- _Action item_: No pictures in the copy. Write out the listing below exactly.

- _Supplied information_:

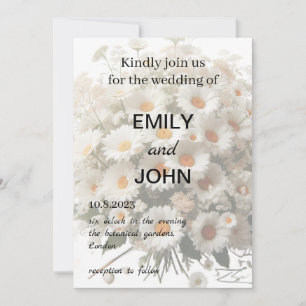 Invitation Daisy Floral Mariage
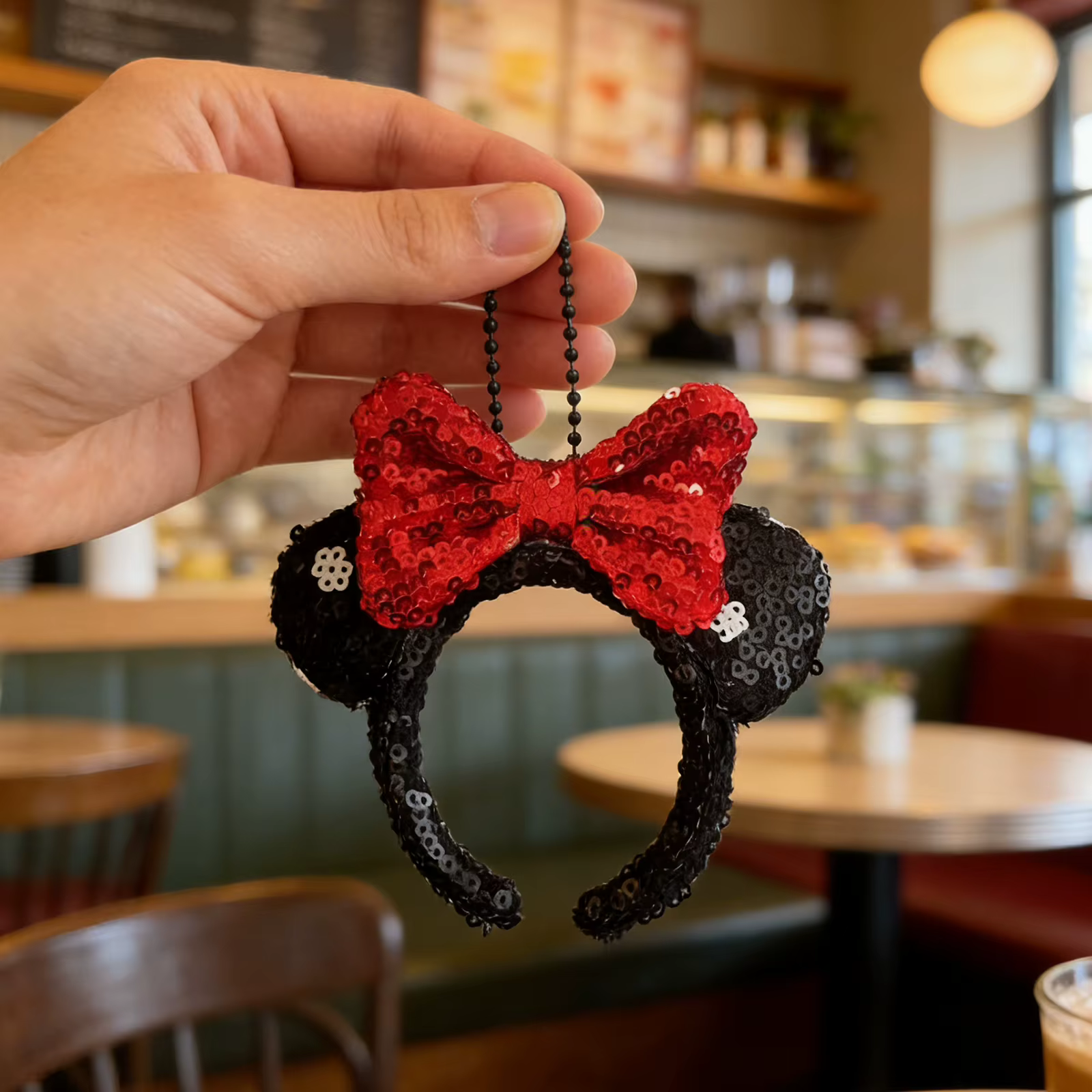 1 pièce Disney Mini Pendentif, Serre-têtes, Nœuds à paillettes, Oreilles de souris, Décoration pour sac et objectif d'appareil photo, Cadeau exquis, Accessoire capillaire pour fille, Porte-clés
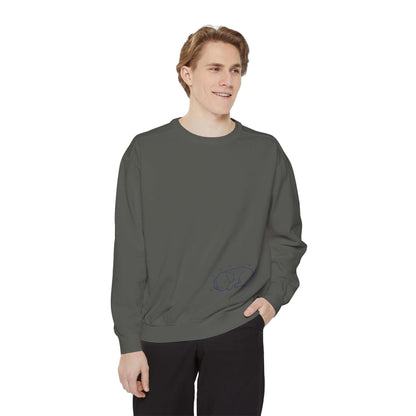 Sleeping dog shadow Cozy Graphic Unisex Crewneck Sweatshirt - Blue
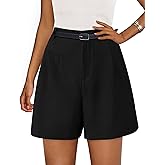 PRETTYGARDEN Shorts for Women Dressy 2026 Summer Elastic High Waisted Wide Leg Business Casual Work Shorts with Pockets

- _Written solution_:
 Invitation Daisy Floral Mariage
 1 pièce Disney Mini Pendentif, Serre-têtes, Nœuds à paillettes, Oreilles de souris, Décoration pour sac et objectif d'appareil photo, Cadeau exquis, Accessoire capillaire pour fille, Porte-clés
 Sleeping dog shadow Cozy Graphic Unisex Crewneck Sweatshirt - Blue
 PRETTYGARDEN Shorts for Women Dressy 2026 Summer Elastic High Waisted Wide Leg Business Casual Work Shorts with Pockets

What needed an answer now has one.